Lawyers for Kenneth Bernard Rouse should have filed their petition no later than 5 o'clock on Monday, Feb. 7. They procrastinated or miscalculated. Somehow they didn't file until Tuesday the 8th. The lawyers were one day late.
Rouse is now looking death in the eye. He has exhausted his state remedies. Unless the Supreme Court takes his case, or the governor of North Carolina commutes his sentence, Rouse will die for murder in the first degree.
The case presents a classic example of the conflict between law and equity. Within the U.S. Court of Appeals for the 4th Circuit, seven judges have come down on the side of law, four on the side of equity. All of them are doing what they feel they have to do.
The underlying facts are ugly. In March 1992, in the course of an armed robbery, Rouse murdered Hazel Colleen Broadway. He is black; she was white. According to the evidence, Rouse stabbed her repeatedly. She died slowly. At some point he sexually molested her. An all-white jury found Rouse guilty. He was sentenced to death for murder, plus 40 years for armed robbery and 20 years for attempted rape.
After the trial had ended, Rouse's counsel made a disturbing discovery involving one of the 12 jurors, Scott Baynard of Archdale, N.C. In 1954, Baynard's mother had been murdered by a black man in Jacksonville, Fla. He was 22 years old at the time. He had failed to disclose this relevant experience in voir dire questioning. In an affidavit in 1996, Baynard said:
"I did not reveal this information during the jury selection process of Mr. Rouse's trial. I knew that if I disclosed what had happened to my mother, I would be excused from serving on Mr. Rouse's jury. I wanted to serve on this jury.
"I noticed similarities between the facts of my mother's murder and that of Mrs. Broadway. In particular, the pictures of Mrs. Broadway at the murder scene reminded me of pictures of my mother after she had been murdered. In addition, robbery was involved in both crimes, as were sexual assault and drug abuse."
Baynard was almost certainly right: If he had disclosed this personal history, he would have been excused and he wanted to serve on this jury.
In a handwritten postscript to the affidavit, Baynard pointed out that 40 years had passed. He said, "This similarly gruesome family tragedy had very little, if any, effect on my decision in the Rouse trial." He added that there were numerous other factors, such as "bigotry," that could have been more influential.
After he lost in state courts, Rouse moved to U.S. District Court on a petition for habeas corpus. Denied. Then his court-appointed lawyers, Grady Jessup and Tracy Hicks Barley, prepared an appeal to the Fourth Circuit. Jessup is a professor at N.C. Central Law School. She practices law in Durham. They may have misapplied what is known as the "mailbox rule." In any event, their petition arrived one day late. The court, sitting en banc, refused 7-4 to accept it.
Judge Karen Williams, speaking for the majority, said that equitable tolling of the statute could rarely be justified lest "extraordinary" circumstances of individual hardship supplant the rules of clearly defined statutes. A policy of generous extensions "would loose the rule of law to whims about the adequacy of excuses." Resort to equity must be reserved for rare instances where it would be unconscionable to enforce the limitation and "gross injustice would result." There is nothing "extraordinary," she said, about attorney error. Because Rouse's attorneys could have filed on time, but simply failed to do so, he is not entitled to equitable tolling.

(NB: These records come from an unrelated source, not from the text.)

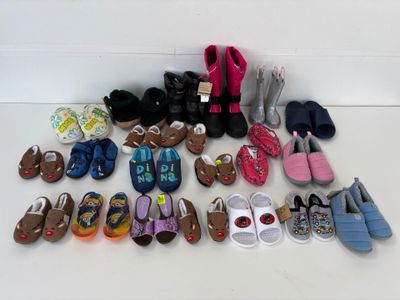 de nombreuses paires de chaussures qui traînent par terre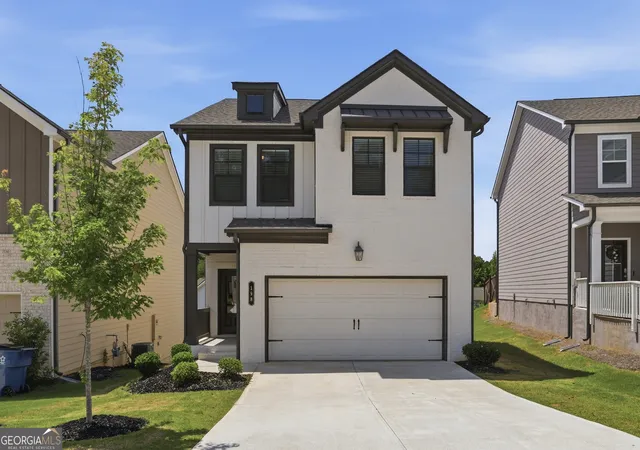 Photo 1 of Single family home for sale at 198 Sta Overlook Dr, Auburn, GA 30011 | MLS# 10786818 | Listing updated on 2026-09-04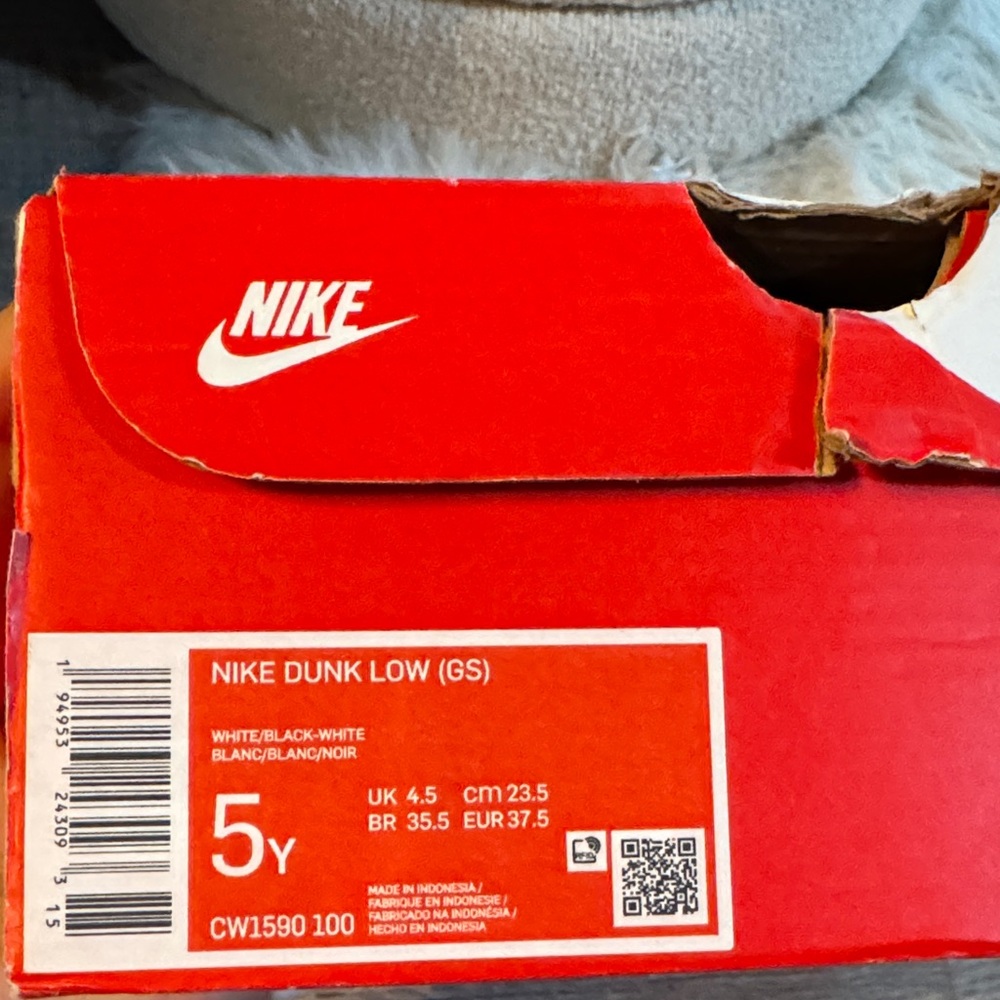 Nike Classic Dunks Black and White Sneakers - Picture 6 of 6
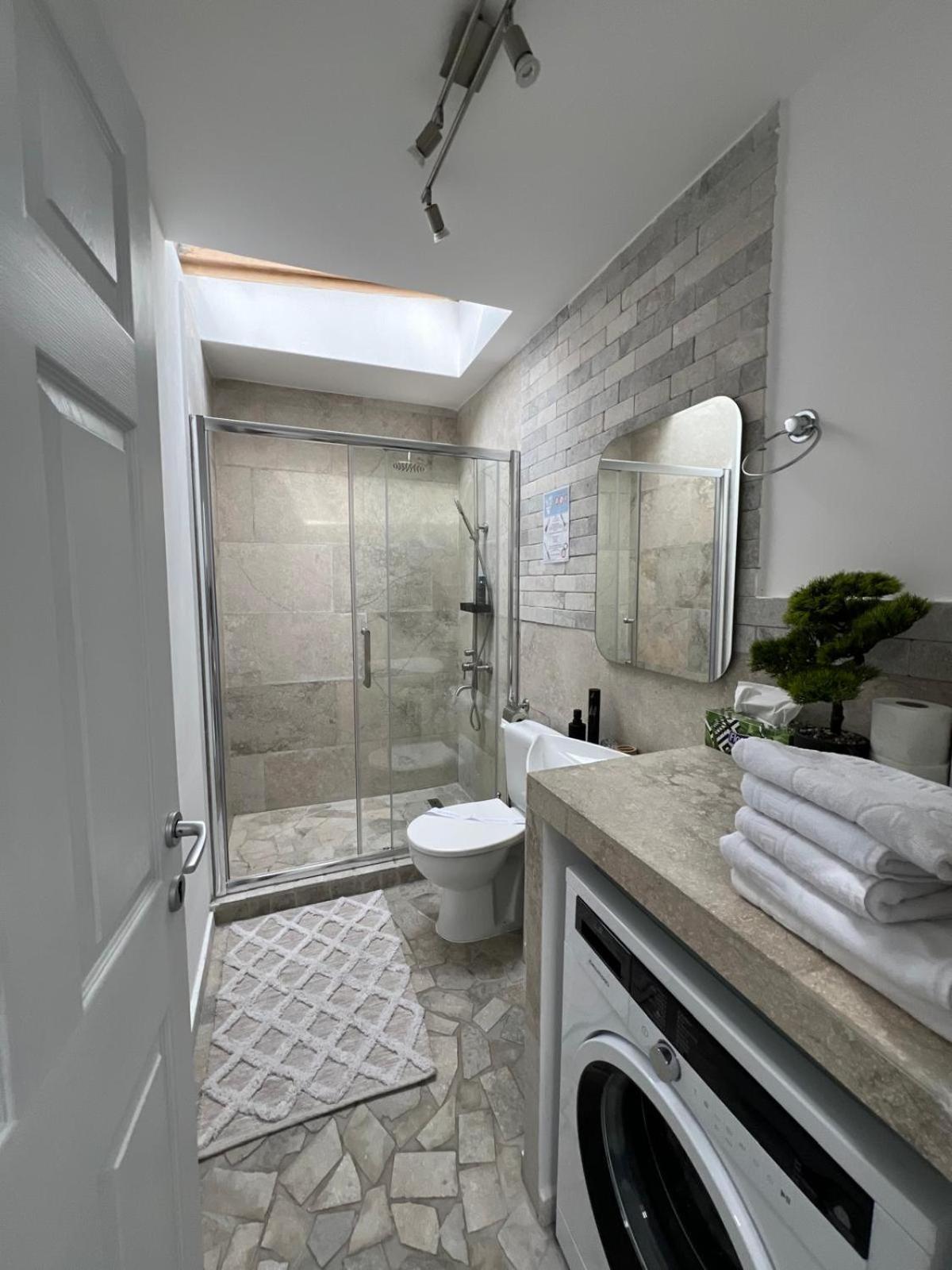 Luxus Cluj Airport Apartments Екстериор снимка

Judge Diana Gribbon Motz, speaking for the four dissenters, said her colleagues should have taken the case. In the dissenters' view, Rouse had presented a powerful constitutional claim that he had been denied a fair trial when juror Baynard was seated. The juror brought to the box a sense of "personal vengeance and racial bias." This prejudice "infected Rouse's death sentence."
The failure of appellate counsel to make a timely filing was "egregious error, disastrous error," said Judge Motz, but "I cannot join a decision that would allow the most minor procedural default imaginable to prohibit all evidentiary inquiry into such a serious constitutional claim."
For my own part, I would join the majority view of filings that involve only a prison term. Stick strictly to the rules! But I would join Judge Motz in urging a new trial for Kenneth Rouse. Here we're talking death and death makes a difference.